Many of his clients are in their 50s and are getting divorced after three decades or more together, Mr. Landers says: "What I'm going to tell a woman who's 58 years old who's been out of the work force for 30 years is going to be very different from what I tell a woman in her 30s."

For older women negotiating a financial settlement, "that money has to last the rest of their lives," he says. "Even if they are employed, there's usually a huge disparity in what they're making."

Splitting up assets like brokerage and bank accounts and insurance policies is relatively straightforward. But some of the largest family assets can be much trickier. Among them:

The house. Large family homes have become an albatross for many couples going through divorce after long marriages, Ms. Maier says.

It used to be easy, when the children were grown, for a couple to sell the house. But in the current market, a house could remain for sale for more than a year, causing one more point to negotiate: Is one spouse willing to take the house itself in the settlement, or share in the ongoing expenses to maintain it, with the hope that the market will turn around in a few years?

The retirement plan. A couple's biggest asset, aside from their house, is often the retirement plan. Dividing it fairly could mean the difference for a nonworking spouse between a secure retirement and a hand-to-mouth existence.

Pensions, 401(k) accounts and individual retirement accounts are typically titled in one spouse's name, but they are still considered marital property if they were earned or acquired during the marriage. In the 41 "equitable distribution" states, spouses have the legal right to claim a share. In the remaining "community property" states, both spouses are considered equal owners.

To divide such accounts, you generally have to get a court-issued "qualified domestic relations order," or QDRO, which spells out what each partner gets. Be sure the QDRO addresses the specific retirement plan in question, because each plan has its own rules, says Wendy Foster, senior vice president of Fidelity Investments' defined-benefit unit.

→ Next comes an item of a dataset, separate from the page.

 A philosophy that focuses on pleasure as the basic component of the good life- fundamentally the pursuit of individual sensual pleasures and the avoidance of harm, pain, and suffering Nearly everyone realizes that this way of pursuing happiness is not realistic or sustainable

In some cases, a judge approves a QDRO but it doesn't meet a retirement plan's qualifications, so the plan administrator must send the couple back to court to fix it. "It can be very expensive to go back and forth," Ms. Foster says. To avoid such issues, Fidelity works with its plans to provide model QDROs for participants to use, she says.

It also is important to distinguish between the two types of plans: "Qualified" plans, including 401(k)s and traditional pensions, fall under federal law and can be divided using a QDRO. But "nonqualified" plans that are typically awarded to executives—along with stock options, restricted stock and deferred compensation—aren't subject to the same rules and may not be able to be divided using a QDRO. You need to make sure those benefits are addressed separately in a settlement, says Emily Widmann McBurney, a lawyer with Davis, Matthews & Quigley in Atlanta who specializes in QDRO law.

People negotiating divorce settlements should consider working with an attorney who has extensive QDRO experience, or who hires a specialist—and be wary of attorneys who play down how tricky QDROs are, Mr. Landers says.

The family business. Mid- to late-life divorce can cripple a business started during the marriage and owned by one spouse, because the other spouse is generally entitled to a share, Mr. Landers says. Without careful planning, the business might have to be sold to comply with those terms.

Ms. Maier recommends that couples with a small business—especially those with children—enter into a "post-nuptial" agreement that spells out what happens to the business in the event of death and divorce. Such agreements, which are recognized in most states, are increasingly being used in estate planning, particularly for people in second marriages.